Personally, I like the way Wikipedia categorizes scientists. It is far more nuanced:

http://en.wikipedia.org/wiki/List_of_scientists_opposing_the_mainstream_scientific_assessment_of_global_warming

kristopher

(29,798 posts)
10. No, I don't.
Wed Jan 15, 2014, 03:38 PM
Jan 2014

The question is why do you?

Caraher has addressed your statements well so I'll move onto a more personal note. You were attacked by a couple of regular posters here for attempting to frame denialist arguments about the climate change significance of extreme weather events.

I defended you in that case because your point was true when narrowly viewed and charitably read.

I was wrong to do so.

LouisvilleDem

(303 posts)
11. Consensus View
Wed Jan 15, 2014, 10:21 PM
Jan 2014

The whole job of the IPCC is to review the existing body of scientific research and determine the current consensus view as we best know it.
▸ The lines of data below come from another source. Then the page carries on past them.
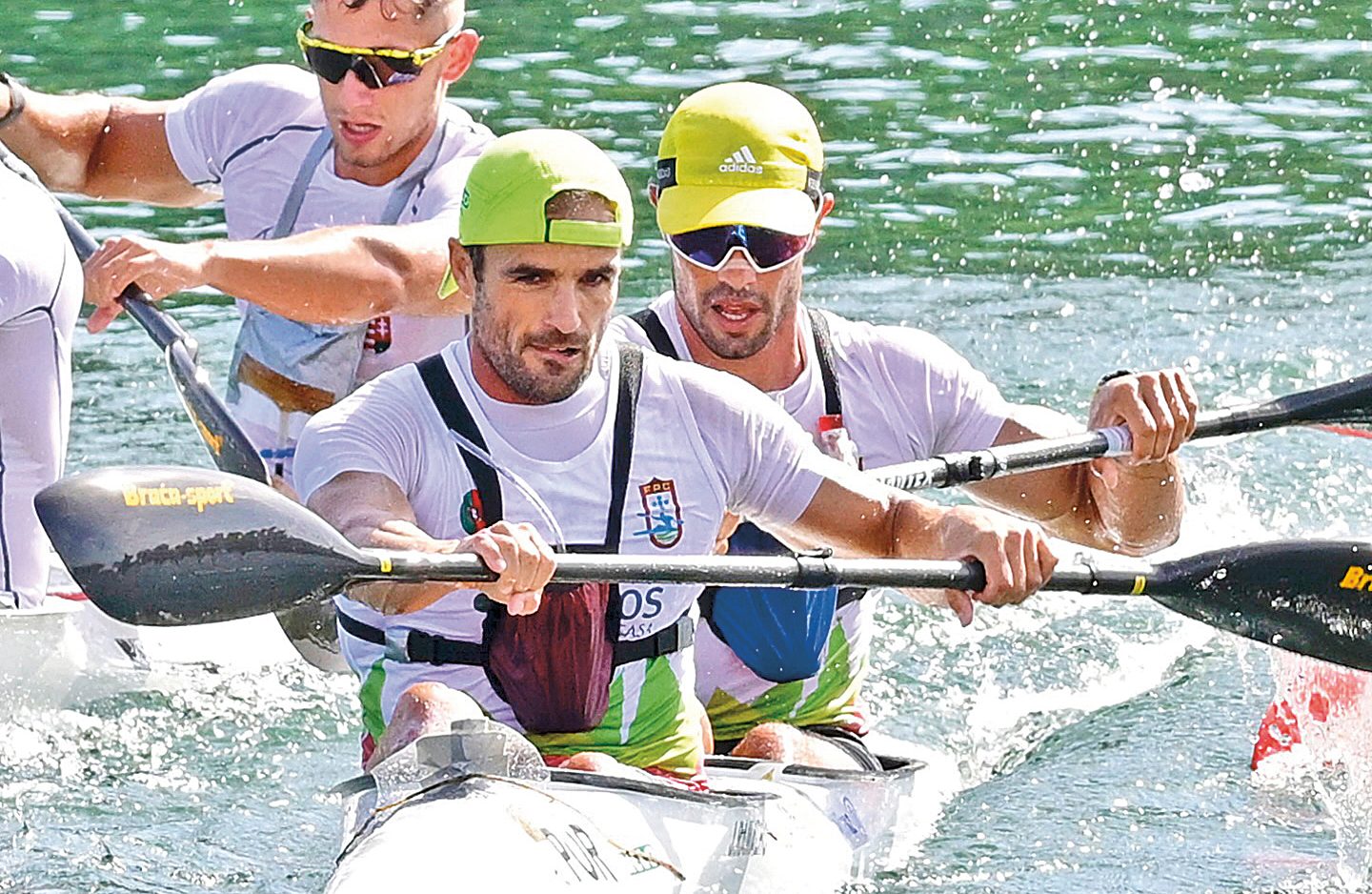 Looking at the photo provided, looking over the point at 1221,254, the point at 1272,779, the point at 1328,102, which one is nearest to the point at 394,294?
the point at 1272,779

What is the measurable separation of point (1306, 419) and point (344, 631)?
2366 millimetres

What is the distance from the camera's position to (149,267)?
4.71 m

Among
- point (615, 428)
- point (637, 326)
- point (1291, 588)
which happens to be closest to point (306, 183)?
point (637, 326)

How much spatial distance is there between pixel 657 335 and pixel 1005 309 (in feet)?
16.2

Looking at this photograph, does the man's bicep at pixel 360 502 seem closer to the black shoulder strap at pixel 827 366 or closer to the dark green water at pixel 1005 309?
the black shoulder strap at pixel 827 366

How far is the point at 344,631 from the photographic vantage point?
3.99 m

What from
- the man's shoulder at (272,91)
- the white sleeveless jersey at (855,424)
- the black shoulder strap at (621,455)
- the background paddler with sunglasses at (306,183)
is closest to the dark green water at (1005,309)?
the white sleeveless jersey at (855,424)

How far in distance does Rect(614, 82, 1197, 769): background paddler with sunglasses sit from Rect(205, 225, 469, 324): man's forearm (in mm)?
554

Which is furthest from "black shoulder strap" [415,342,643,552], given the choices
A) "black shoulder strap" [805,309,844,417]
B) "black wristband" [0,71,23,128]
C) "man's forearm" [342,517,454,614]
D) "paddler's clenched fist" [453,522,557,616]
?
"black wristband" [0,71,23,128]

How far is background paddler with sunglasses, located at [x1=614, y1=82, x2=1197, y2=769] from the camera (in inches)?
178

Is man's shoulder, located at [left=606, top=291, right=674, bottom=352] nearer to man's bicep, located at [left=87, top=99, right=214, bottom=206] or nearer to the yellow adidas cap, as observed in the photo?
the yellow adidas cap

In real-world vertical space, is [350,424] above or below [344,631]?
above

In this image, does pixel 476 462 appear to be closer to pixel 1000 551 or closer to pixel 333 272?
pixel 1000 551

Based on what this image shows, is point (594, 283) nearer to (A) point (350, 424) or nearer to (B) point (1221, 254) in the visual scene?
(A) point (350, 424) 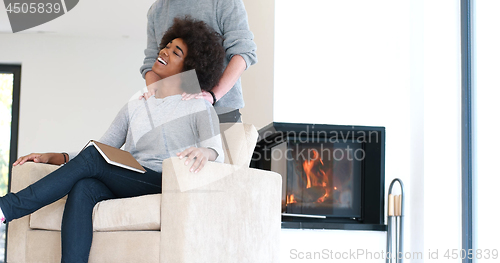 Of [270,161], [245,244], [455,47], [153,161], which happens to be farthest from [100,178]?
[455,47]

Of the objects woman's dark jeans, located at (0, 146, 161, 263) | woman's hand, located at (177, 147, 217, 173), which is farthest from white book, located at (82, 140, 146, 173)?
woman's hand, located at (177, 147, 217, 173)

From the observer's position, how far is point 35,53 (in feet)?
17.3

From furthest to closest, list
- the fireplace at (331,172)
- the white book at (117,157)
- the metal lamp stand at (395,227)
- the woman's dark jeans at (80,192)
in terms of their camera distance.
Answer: the fireplace at (331,172)
the metal lamp stand at (395,227)
the white book at (117,157)
the woman's dark jeans at (80,192)

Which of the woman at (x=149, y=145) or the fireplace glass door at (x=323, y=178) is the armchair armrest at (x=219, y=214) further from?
the fireplace glass door at (x=323, y=178)

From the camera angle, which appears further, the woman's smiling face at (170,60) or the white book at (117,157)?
the woman's smiling face at (170,60)

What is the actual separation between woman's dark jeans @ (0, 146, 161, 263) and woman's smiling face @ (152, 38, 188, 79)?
42 centimetres

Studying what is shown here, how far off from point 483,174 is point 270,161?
127 cm

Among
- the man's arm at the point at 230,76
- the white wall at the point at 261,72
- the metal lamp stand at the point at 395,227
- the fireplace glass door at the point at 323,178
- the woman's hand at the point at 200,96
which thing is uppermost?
the white wall at the point at 261,72

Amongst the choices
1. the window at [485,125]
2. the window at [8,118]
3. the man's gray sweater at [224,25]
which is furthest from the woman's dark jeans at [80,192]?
the window at [8,118]

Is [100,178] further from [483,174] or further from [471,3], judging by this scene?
[471,3]

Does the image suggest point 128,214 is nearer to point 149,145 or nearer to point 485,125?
point 149,145

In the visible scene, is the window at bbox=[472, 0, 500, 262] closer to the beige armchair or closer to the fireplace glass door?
the fireplace glass door

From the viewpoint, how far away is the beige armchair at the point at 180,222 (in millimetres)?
1533

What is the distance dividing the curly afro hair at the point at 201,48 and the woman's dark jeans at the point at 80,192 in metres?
0.48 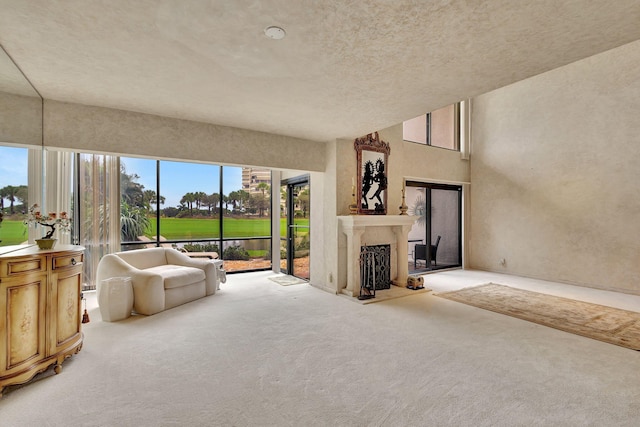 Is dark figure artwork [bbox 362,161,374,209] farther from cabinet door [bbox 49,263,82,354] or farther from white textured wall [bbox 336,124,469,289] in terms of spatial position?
cabinet door [bbox 49,263,82,354]

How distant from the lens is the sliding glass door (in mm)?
6793

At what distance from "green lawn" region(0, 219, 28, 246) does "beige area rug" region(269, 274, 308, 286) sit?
141 inches

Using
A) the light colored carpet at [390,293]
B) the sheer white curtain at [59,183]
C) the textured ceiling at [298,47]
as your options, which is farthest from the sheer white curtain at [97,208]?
the light colored carpet at [390,293]

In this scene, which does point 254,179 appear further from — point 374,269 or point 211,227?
point 374,269

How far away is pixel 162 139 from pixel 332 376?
341 cm

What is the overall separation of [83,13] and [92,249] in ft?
13.9

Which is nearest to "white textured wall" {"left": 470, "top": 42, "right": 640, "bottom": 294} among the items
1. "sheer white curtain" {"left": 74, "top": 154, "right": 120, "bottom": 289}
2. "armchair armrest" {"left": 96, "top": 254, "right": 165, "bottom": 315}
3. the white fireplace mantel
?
the white fireplace mantel

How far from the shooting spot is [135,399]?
6.81 feet

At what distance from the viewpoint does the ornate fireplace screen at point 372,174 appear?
5.20 m

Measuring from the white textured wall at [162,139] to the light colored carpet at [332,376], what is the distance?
2125mm

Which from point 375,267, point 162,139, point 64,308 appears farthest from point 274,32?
point 375,267

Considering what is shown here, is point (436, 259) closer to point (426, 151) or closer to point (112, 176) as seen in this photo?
point (426, 151)

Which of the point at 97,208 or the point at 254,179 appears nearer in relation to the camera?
the point at 97,208

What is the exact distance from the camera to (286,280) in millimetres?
5781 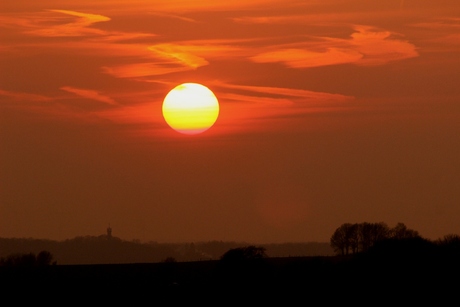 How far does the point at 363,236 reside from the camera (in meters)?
157

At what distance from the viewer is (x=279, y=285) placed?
96688mm

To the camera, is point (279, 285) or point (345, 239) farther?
point (345, 239)

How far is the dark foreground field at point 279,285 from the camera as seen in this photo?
3674 inches

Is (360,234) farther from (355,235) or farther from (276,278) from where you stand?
(276,278)

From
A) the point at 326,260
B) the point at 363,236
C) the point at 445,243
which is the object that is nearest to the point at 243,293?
Answer: the point at 326,260

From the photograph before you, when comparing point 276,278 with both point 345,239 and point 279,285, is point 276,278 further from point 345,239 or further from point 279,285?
point 345,239

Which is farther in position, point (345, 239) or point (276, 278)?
point (345, 239)

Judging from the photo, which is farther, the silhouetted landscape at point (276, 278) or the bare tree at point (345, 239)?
the bare tree at point (345, 239)

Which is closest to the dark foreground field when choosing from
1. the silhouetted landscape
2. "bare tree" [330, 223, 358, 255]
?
the silhouetted landscape

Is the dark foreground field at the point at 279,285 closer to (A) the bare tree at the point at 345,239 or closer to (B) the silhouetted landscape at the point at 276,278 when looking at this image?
(B) the silhouetted landscape at the point at 276,278

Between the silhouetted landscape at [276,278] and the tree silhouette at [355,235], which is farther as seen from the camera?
the tree silhouette at [355,235]

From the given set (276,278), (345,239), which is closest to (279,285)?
(276,278)

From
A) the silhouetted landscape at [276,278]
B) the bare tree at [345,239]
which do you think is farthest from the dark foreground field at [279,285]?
the bare tree at [345,239]

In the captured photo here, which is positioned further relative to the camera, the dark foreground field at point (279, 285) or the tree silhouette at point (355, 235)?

All of my extreme weather views were consistent with what the IPCC said in AR5--the people who attacked me for expressing them were just ignorant of what the consensus science said. In contrast, the IPCC has consistently maintained that climate sensitivity is probably around 3C and not lower than 2C. In my mind, anybody who tries to undermine the validity of the computer models is a denier, and a particularly dangerous one at that. Everything we know that is dangerous about climate change comes from model predictions. Undermine the models and you undermine the entire explanation of why we need to take drastic action ASAP.